Israel’s secular founders believed they were making the state more inclusive when they ceded authority over religious observance issues to the new state’s small Orthodox community. As the country’s haredi population has grown, however, and its control over religious rules in the state have tightened, Israel’s religious establishment appears to have become more rigid, with no interest in compromise. This has prompted an unsurprising pushback from the majority less observant and non-observant segment of Israel’s population. And that reality has led us and others to urge consideration of a separation of religion and state in Israel, or at least a more tolerant, pluralistic approach.
There are always workarounds to the status quo. In Israel, those workarounds are called “facts on the ground.” On a Shabbat last month, the Tel Aviv municipal authority created precisely such facts when it launched a small Shabbat public transportation service, designed to circumvent the status quo prohibition of public transportation on the Sabbath. The new service created a network of public transit vans that enabled users to crisscross the metropolitan Tel Aviv area and beyond.
According to reports, some 10,000 Israelis rode the free public transport that first weekend, largely skirting Orthodox neighborhoods. In response to the clear demand, the city started using full-size buses that were run more frequently. For many, it was about time. For others, it was a symptom of the abandonment of the rule of Jewish law and a violation of founding principles.

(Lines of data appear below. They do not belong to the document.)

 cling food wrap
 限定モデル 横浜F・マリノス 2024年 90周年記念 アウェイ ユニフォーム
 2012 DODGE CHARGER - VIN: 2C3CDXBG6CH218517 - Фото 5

More likely, the move is a reaction to the imposed Shabbat isolation of nonobservant Jewish residents who need public transportation to get around, and a symptom of the vacuum left by Israel’s moribund government after two inconclusive elections and a third one on the horizon. “For many months now, there is no central government that can do something,” said Shuki Friedman, of the Israel Democracy Institute. “The [municipality] may be violating the Sabbath but they are doing it like thieves in the night.”

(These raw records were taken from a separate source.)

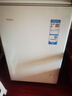 海爾（Haier）家用冰柜京東自營100升小冰箱小型冷柜大容量-30度深冷速凍保鮮BC/BD-100GHW9D家電國家補貼20% 曬單實拍圖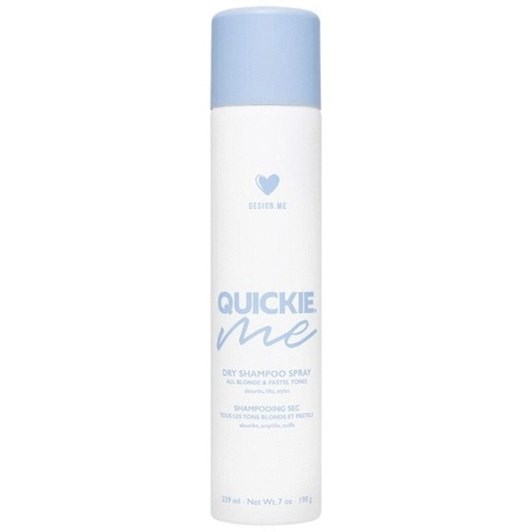 Design.Me Quickie Light, Dry Shampoo Spray 339 ml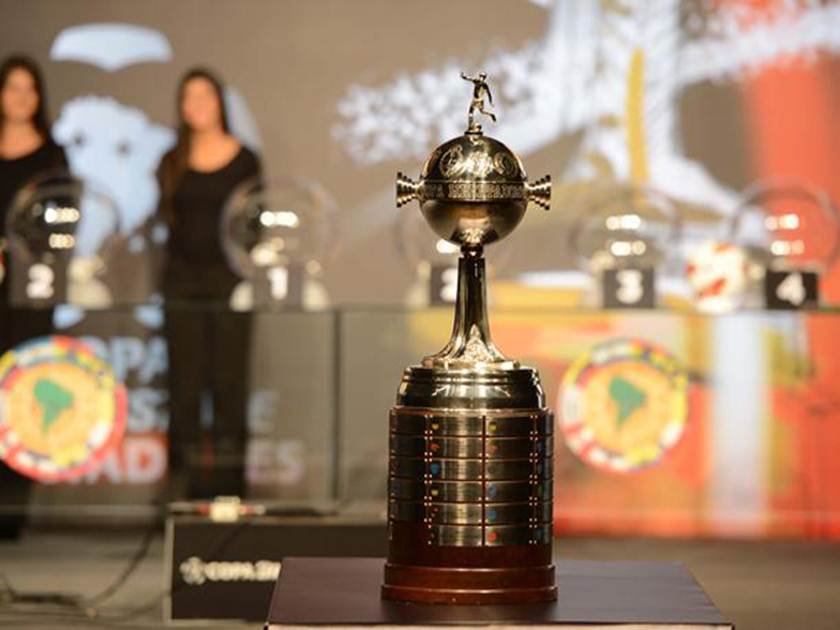 Conmebol anuncia prêmio extra de R$ 1,5 mi por jogo vencido na Libertadores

There are passionate, compelling arguments on both sides of this issue. On balance, while we respect the rights of religious residents to observe the Shabbat fully in accordance with their beliefs, we also respect the rights of nonobservant residents to live their lives free of compelled religious restraint. That doesn’t mean that any religious practices of those who observe should be compromised. But it does mean that those who don’t want to observe shouldn’t be required to do so, as we see no strengthening of Israel’s Jewish character through the imposition of religious observance.
Tiberias already has a free Shabbat bus line, and Ramat Gan and Ganei Tikvah near Tel Aviv have announced plans of their own. Each new fact on the ground challenges the status quo. Rather than becoming a religious-secular battleground, we hope that the issue will be an opportunity for engagement, understanding and reasonable compromise.